Have eye protection, like a pair of alpine ski goggles is important for a winter commute.

Having clear vision is essential for your winter commute. You need to be able to see and be aware of what’s around you. If you can’t see it increases the risk of unnecessary crashes. Finding proper eye protection is relatively easy and affordable. You can use a cheap ski masks as well as wrap-around sunglasses, if the sun poses an issue. You should also be able to wear standard reading glasses, too, and they may even be able to fit behind your goggles. They may fog up once you get inside, but you’ll be safely off the road by then.

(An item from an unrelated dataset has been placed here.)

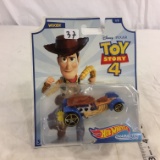 NIP Collector Disney Pixar Toy Story 4 Woody Car Character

Be Visible While Staying Warm

The cold winter months bring early sunsets and snow that can make visibility for drivers on the route you define to ride. In addition to wearing reflective clothing, state law requires such things as a white light attached to the front of your bike so drivers can see you from at least 500 feet away (if they are looking at you from the front). There must also be Department of Public Safety-approved red reflector tape or light attached to the back of your bike so drivers can see you from 100 feet to 600 feet (when they are directly behind you). It is also wise to have reflector tape or lights that traffic can see you from side streets and alleys. For information on what the law requires, click here.

Since the cold temperatures can shorten the battery life on your lights, make sure you check them often so your lights work when you need them! In terms of the law, if an officer pulls you to the side for not having a front light that meets guidelines (even if it’s there and just not on), there’s no excuse that can help you.

Ride the Right Bike

If possible, buy a standard bike that’s a single speed. We’d recommend a used or old bike. Bikes with suspension, multiple gears, or that are specialized can get worn down or ruined by the snow, salt, and grit. So getting a bike that you can ride and that can withstand the wear and tear of winter is the best route to go.

Once you find the enjoyment of riding in the winter, plan to commute longer distances and if its in your budget, a fat bike might be an option to consider. Fat bikes have large balloon tires that increased your surface area, giving you a better grip on the ground under you. This makes riding on snow and ice easier and safer. To learn if a fat bike is for you, visit your local bike shop.

Drive Defensively

When winter commuting by bike you must always be aware of your surroundings even more than warmer months. General visibility may not  is an issue whrn winter bike riding, but also watch out for slippery surfaces. Also, drivers can be can be more distracted this time of year so drive your defensively. So even thought they’re supposed to watch for you, make sure you keep an eye out for them as well.

Be Aware of the Weather and Be a Smart Biker

Winter means snow, ice, and cold winds. It also means that there is less daylight. Be aware of what options you have if the snow starts coming down heavily, it becomes really icy, or if overall conditions start to worsen. Have an alternate plan in place if biking becomes too dangerous. Plot riding routes that are near bus or train routes or anywhere with public transportation. If conditions get bad then you have another way to get home or to your destination.

Also, don’t make any sudden moves or do tricks with your bike, especially in icy conditions. This means don’t lean into the turns, as an example. Going with the turn decreases the amount of contact the tire has with the road or trail surface.  This is bad because your bike will have less power to stay upright. This might seem like a no brainer, but we have seen plenty of people who break quickly or make quick turns only to wipe out. Doing this in the middle of the street is dangerous and could become fatal.

Why Winter Commute?

Winter bike commuting is not only a great way to ride year-round and keep you in shape, but also it can save you money. Looking at cost, in terms of transportation options, biking is definitely on the low end. By the time you add in all the costs that come with driving a car or public transportation, the costs of using anything besides your own legs as an engine will be greater. Plus, you’ll not only be in shape and ready to go in spring, but you’ll also be regarded as awesome for braving that cold air.

Have fun, be safe, and remember to use your best judgement this winter while riding!